2017-02-06 Thread youenn fablet
It seems we agree in moving this forward. Any objection?
If so, let's start with small practical steps, something like a script to
automatically generate WPT PR requests from a WebKit repo.

Le lun. 6 févr. 2017 à 12:28, Ryosuke Niwa  a écrit :

>
> On Monday, February 6, 2017, youenn fablet  wrote:
>
> The two complaints I heard against testharness.js are:
>
> - They are less easy to debug as test harness.js does not print out
> messages for each assert. There might be room for updating testharness to
> support that
> - Async tests are less easy to write. While this is probably true,
> testharness has support for promise-based tests which are not verbose.

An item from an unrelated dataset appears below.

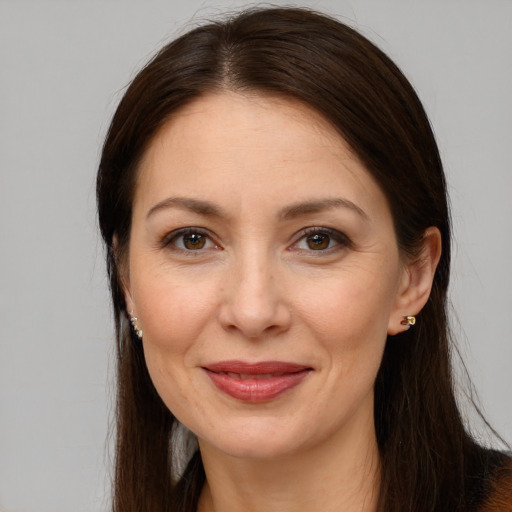 Joyful white adult female with long  brown hair and brown eyes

> WPT has also some benefits of its own, like the possibility to run easily
> the same tests in worker/window environments, the flexible python-based
> server...
>
> One complaint I heard against WPT tests is that they require being run
> behind a server.
> This is becoming more and more true.
> There is still a large portion of tests that could be run locally if we
> update the paths to test harness.js/testharnessreport,js.
> I am not a big fan of modify any WPT test but maybe we should consider
> switching back to modifying these paths at import and export time.
>
>
> We should probably do this for the sake of making tests more debuggable.
> Having to run a HTTP/HTTPS server makes testing WebCore against a test
> needlessly harder especially for things like core DOM API which doesn't
> require any network stack.
>
>
> Or we could make our tooling better to also handle LayoutTests/http tests
> more easily.
> In any case, our CI infrastructure should run WPT tests as closely as
> specified by WPT.
>
>
> The concern I've heard about is not how run-webkit-tests run the tests.
> It's about how a test is opened inside a browser, DRT, WTR while debugging.
>
>
> I would tend to do the following:
> - Write/submit WPT tests in WebKit as regular WebKit testharness.js layout
> tests through bugzilla
> - At commit queue time, automatically create a PR to WPT GitHub containing
> the changes of the WebKit patch
>
>
> I think commit queue time is too late. Remember that not everyone uses
> commit queue. Also, if there was any issue with a test, we should be able
> to tell that prior to landing the patch.
>
>
> Ideally, having one EWS bullet/bot capturing/handling PR status would be
> very good.
> Knowing the state of a test from various browsers would be helpful at
> review time.
>
> But this might require some extra work to support PR updates and so on.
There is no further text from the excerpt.